══ STUDY MATERIAL ══

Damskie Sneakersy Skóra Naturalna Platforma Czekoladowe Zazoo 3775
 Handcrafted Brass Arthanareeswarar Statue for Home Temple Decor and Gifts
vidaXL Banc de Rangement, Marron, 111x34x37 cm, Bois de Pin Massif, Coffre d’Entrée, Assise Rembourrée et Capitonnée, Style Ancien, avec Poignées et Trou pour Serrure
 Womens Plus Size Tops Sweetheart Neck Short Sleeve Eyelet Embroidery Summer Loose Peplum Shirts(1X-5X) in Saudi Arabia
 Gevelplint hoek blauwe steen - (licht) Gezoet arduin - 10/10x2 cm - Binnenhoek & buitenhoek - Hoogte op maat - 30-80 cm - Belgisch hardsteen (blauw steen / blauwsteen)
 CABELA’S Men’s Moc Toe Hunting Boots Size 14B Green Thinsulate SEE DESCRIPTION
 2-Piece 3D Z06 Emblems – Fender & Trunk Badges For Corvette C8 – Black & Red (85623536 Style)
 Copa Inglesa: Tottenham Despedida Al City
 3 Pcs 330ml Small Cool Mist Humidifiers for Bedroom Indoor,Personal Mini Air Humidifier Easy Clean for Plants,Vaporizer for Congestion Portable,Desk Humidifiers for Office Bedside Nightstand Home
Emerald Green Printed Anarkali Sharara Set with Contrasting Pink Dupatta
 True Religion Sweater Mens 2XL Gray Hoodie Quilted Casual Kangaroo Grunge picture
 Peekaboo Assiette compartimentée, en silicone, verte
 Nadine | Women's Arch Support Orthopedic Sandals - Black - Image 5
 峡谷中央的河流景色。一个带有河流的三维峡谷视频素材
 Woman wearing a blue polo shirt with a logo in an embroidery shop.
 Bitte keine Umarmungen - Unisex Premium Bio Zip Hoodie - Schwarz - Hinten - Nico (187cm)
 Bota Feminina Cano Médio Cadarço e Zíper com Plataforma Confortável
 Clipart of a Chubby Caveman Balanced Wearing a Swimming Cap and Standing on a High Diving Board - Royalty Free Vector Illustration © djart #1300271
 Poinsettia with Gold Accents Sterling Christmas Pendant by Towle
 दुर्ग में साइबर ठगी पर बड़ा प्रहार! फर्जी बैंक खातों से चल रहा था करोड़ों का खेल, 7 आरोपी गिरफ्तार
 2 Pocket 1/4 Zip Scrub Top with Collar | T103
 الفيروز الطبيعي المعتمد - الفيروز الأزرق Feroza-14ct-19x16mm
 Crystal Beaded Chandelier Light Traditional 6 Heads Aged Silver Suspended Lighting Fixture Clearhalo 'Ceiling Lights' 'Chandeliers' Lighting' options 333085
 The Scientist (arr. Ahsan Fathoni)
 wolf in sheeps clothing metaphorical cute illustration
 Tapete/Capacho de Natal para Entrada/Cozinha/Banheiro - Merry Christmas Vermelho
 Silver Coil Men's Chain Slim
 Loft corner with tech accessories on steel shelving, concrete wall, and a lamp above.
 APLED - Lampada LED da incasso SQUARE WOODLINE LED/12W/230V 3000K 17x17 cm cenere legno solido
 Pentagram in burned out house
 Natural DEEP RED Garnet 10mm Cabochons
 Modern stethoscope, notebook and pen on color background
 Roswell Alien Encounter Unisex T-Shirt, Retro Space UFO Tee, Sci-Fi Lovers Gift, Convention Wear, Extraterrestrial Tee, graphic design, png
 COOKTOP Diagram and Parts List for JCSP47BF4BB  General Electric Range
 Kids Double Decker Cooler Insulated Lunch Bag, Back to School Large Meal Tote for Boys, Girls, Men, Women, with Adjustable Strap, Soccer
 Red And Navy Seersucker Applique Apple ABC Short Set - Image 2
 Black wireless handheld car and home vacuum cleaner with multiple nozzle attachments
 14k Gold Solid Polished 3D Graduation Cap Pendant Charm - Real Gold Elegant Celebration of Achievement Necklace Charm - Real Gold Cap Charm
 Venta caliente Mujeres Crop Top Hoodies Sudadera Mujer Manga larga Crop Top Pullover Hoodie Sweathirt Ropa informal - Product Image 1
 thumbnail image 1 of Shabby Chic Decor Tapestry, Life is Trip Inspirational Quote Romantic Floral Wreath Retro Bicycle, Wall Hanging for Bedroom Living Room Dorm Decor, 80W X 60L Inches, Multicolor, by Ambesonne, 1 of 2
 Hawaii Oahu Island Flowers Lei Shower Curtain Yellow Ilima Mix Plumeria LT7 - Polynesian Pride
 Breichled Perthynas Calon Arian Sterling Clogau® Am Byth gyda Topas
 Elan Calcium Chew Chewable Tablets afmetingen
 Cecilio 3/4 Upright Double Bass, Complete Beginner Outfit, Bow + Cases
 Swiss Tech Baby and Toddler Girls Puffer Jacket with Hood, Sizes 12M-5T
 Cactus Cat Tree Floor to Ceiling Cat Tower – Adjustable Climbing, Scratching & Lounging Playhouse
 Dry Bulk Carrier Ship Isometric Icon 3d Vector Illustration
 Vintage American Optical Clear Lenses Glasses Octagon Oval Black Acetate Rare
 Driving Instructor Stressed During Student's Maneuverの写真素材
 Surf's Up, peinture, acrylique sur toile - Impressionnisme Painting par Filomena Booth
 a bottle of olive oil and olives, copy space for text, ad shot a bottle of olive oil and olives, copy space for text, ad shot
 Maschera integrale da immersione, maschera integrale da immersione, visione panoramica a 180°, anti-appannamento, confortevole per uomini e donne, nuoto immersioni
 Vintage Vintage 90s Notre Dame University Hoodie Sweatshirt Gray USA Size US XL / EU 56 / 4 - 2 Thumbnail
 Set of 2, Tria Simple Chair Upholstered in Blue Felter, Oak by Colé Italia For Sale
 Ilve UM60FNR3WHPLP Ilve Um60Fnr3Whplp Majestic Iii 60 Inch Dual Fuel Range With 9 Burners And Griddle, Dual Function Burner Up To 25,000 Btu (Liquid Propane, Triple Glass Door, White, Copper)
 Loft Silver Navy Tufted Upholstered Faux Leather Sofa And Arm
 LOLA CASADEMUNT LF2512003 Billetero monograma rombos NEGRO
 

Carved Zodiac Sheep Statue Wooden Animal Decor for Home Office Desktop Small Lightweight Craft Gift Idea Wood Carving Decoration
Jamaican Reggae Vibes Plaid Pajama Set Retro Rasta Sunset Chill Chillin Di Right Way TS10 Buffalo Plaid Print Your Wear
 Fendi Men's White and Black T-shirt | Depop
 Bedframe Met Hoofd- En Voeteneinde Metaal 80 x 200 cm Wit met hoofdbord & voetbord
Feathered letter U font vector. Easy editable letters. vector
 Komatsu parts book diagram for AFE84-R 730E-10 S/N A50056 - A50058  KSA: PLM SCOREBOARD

═══

• EXERCISE BRIEF
Only the lines from the start of the data to the line holding "Womens Plus Size" are wanted; return them exactly, both ends included.

• TASK OUTPUT
Damskie Sneakersy Skóra Naturalna Platforma Czekoladowe Zazoo 3775
 Handcrafted Brass Arthanareeswarar Statue for Home Temple Decor and Gifts
vidaXL Banc de Rangement, Marron, 111x34x37 cm, Bois de Pin Massif, Coffre d’Entrée, Assise Rembourrée et Capitonnée, Style Ancien, avec Poignées et Trou pour Serrure
 Womens Plus Size Tops Sweetheart Neck Short Sleeve Eyelet Embroidery Summer Loose Peplum Shirts(1X-5X) in Saudi Arabia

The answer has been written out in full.